» Data excerpts
:::::
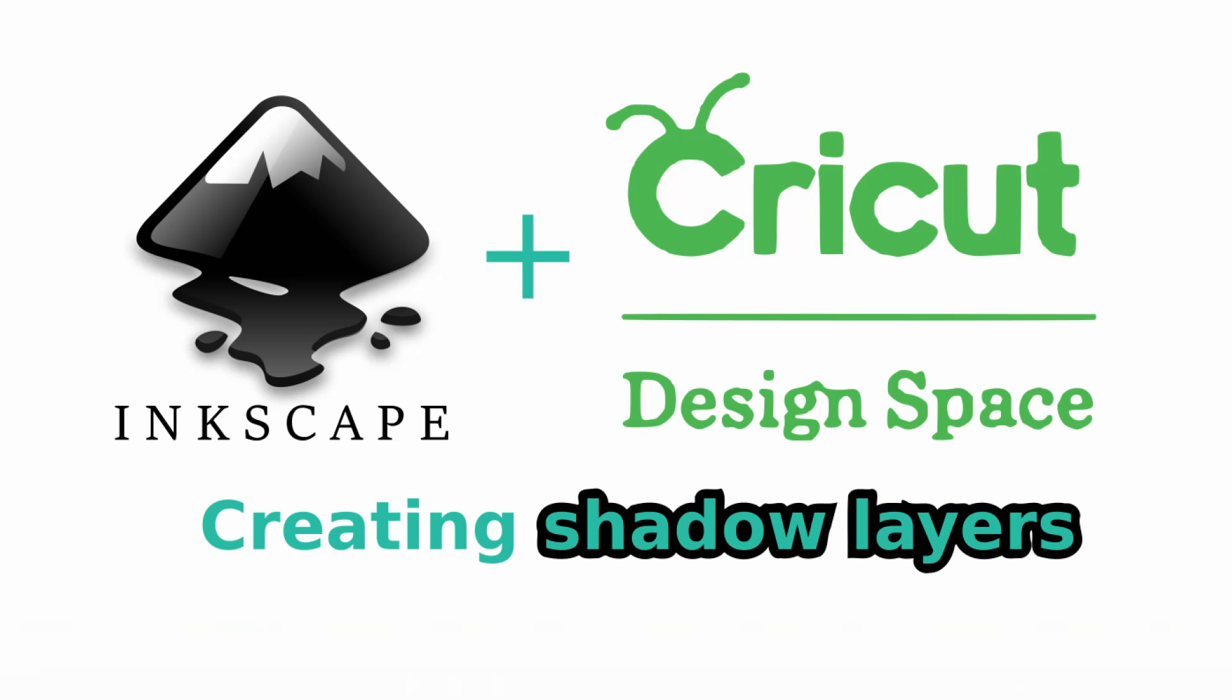Hi, this is Nicole with Cutting Edge Crafts. Today I wanted to show you how to add a shadow layer to your text,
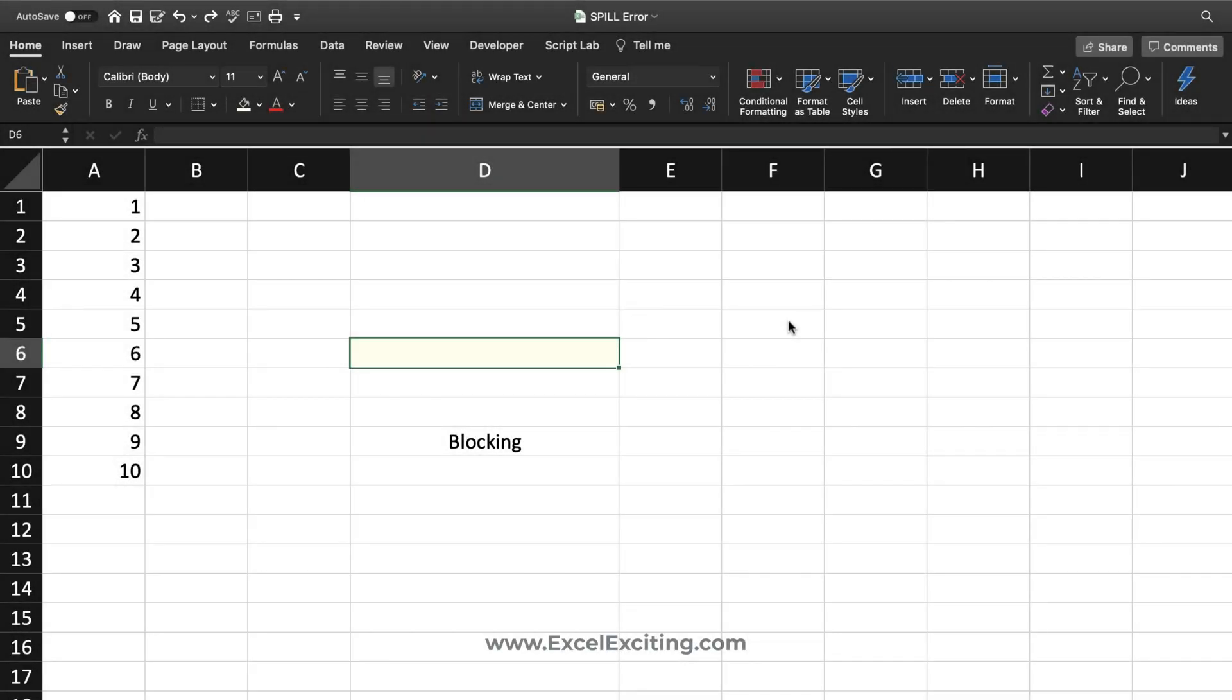Hello friends, welcome back. I'm Faraz Sheikh and in today's video we're going to see what is spill error and how to fix that. So let's get started.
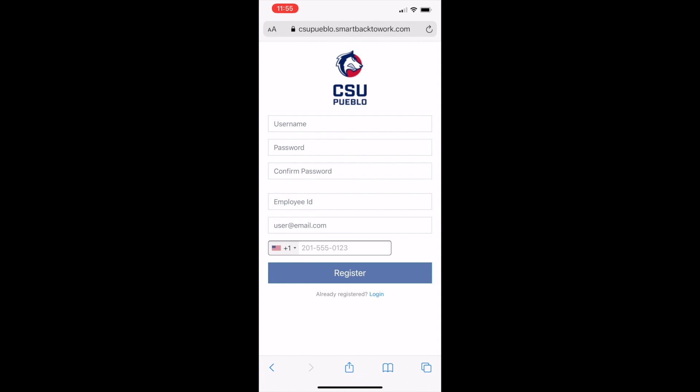Then, in the email field, be sure to use your CSU Pueblo email address only. If you enter a personal email address here, you will receive an error message and will not be able to complete your registration. Only official CSU Pueblo email addresses are valid for the system. Students, note you must use your name at pac.csupueblo.edu email address when registering.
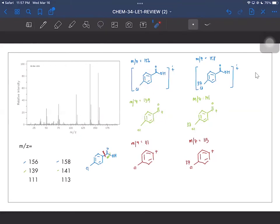The 113 peak is just the same structure but with the heavier isotope, since all these fragments contain the chlorine atom. In solving this problem, we proposed the fragments that gave rise to these mass-to-charge ratios. When interpreting mass spectrum fragments, we try to familiarize the common fragmentation patterns of our functional groups. Since this involves a carbonyl group in the carboxylic acid, we use alpha bond cleavage to identify the common fragments.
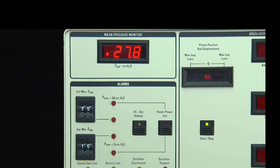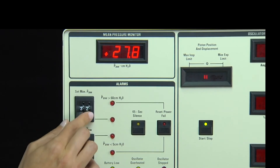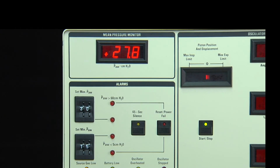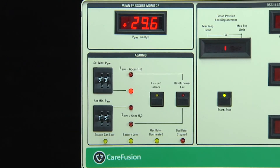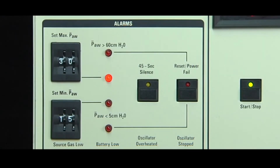Thumbwheel controls are used to adjust the set maximum and set minimum mean airway pressure alarms from 0 to 59 cm of water pressure. The set maximum mean airway pressure will provide an audible and visual signal when the alarm threshold has been reached. Additionally, activation of this alarm will trigger the Autolimit system, which will briefly open the limit valve on the inspiratory limb of the circuit. The circuit pressure will fall by approximately 12 centimeters of water pressure, then the valve will repressurize to its operational state. However, the visual alarm will remain on.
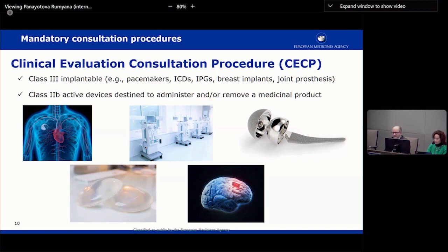There are many implantable active medical devices for cardiology, such as pacemakers, ICDs (implantable cardioverter defibrillators), IPGs (implantable pulse generators), also called neurostimulators when used in a neurological setting. Breast implants are a special category that was promoted to Class 3, as were joint prosthetics.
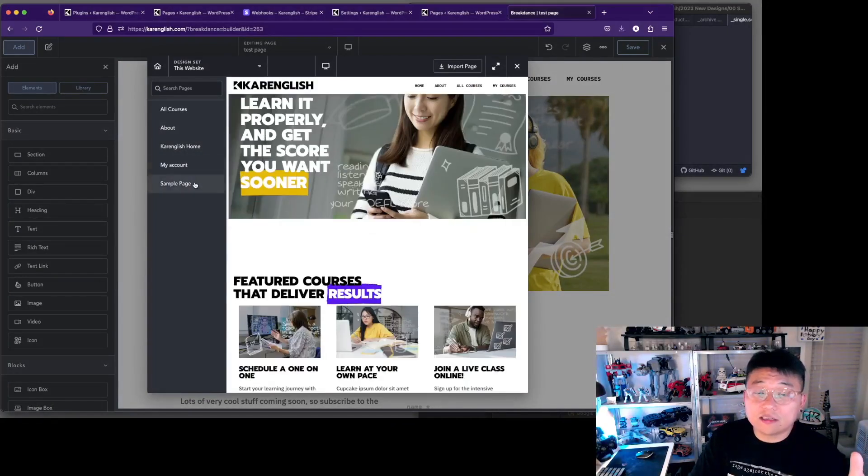We also go through making design sets and how you can make your own UI kit, preparing for that and building your own stuff. We also talk about migration and maintenance — running maintenance as your agency or as a freelancer, how to do all that. So there's a lot of extra stuff besides just learning how to use the Breakdance builder — it's beyond that.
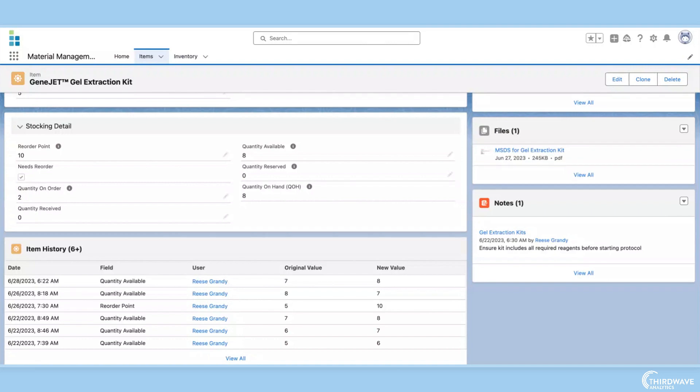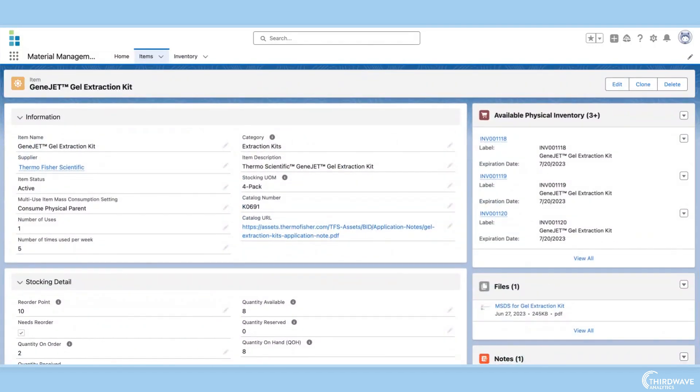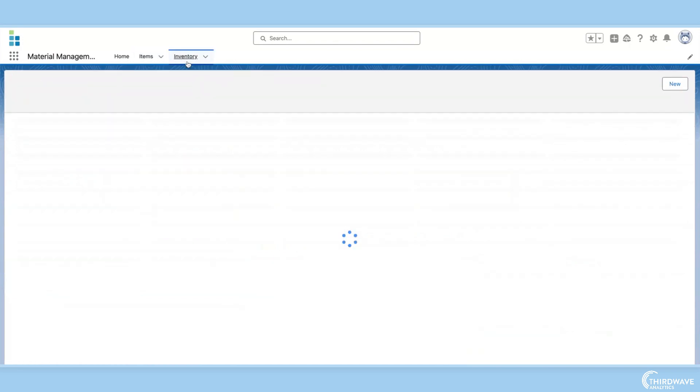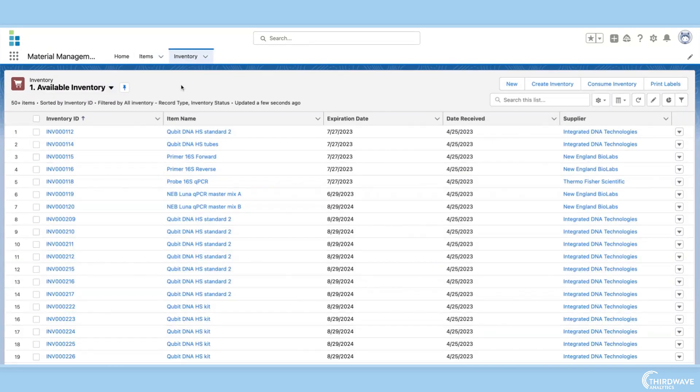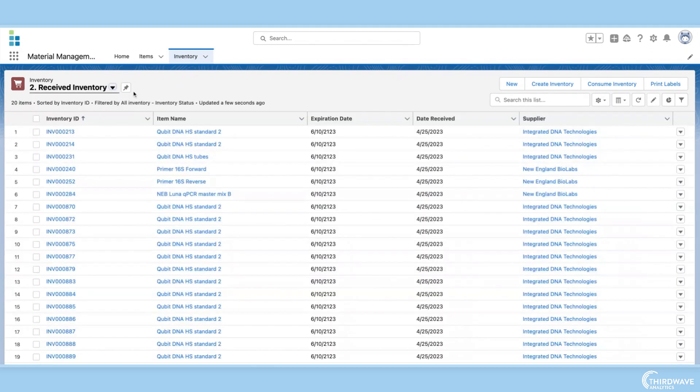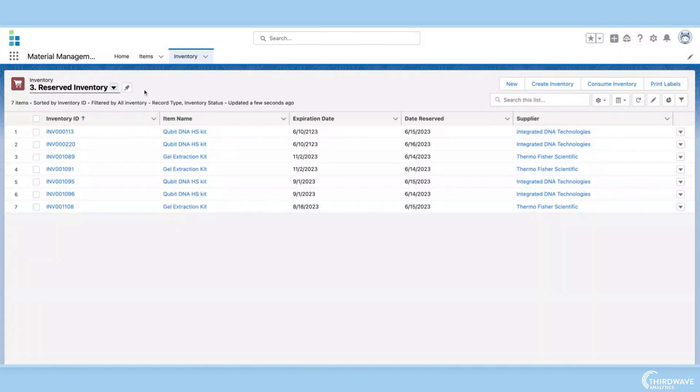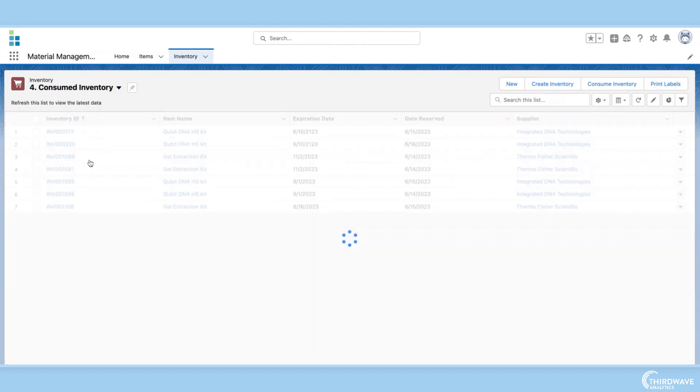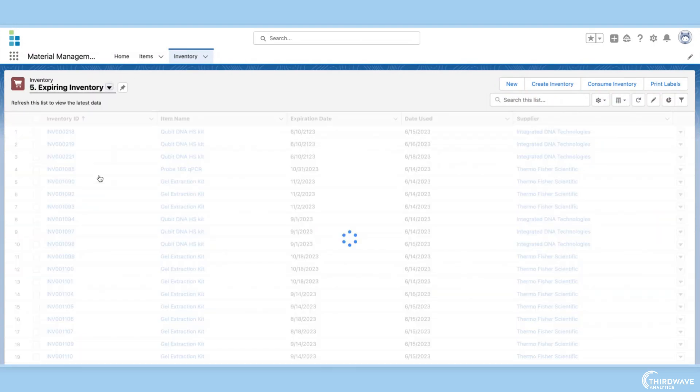Now that we've seen an item record page, let's go to the inventory tab to explore inventory management in more detail. Here we see a list view of all the inventory in the lab. We can filter this list view to see all the inventory records or just those that have been received, reserved, consumed, or are expiring.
:::::
» Directions for this task
Only the lines from the beginning of the listing through the line with "Hello friends, welcome", both ends included, are to be repeated exactly; pictures stay out.

» Answer for this exercise
Hi, this is Nicole with Cutting Edge Crafts. Today I wanted to show you how to add a shadow layer to your text,
Hello friends, welcome back. I'm Faraz Sheikh and in today's video we're going to see what is spill error and how to fix that. So let's get started.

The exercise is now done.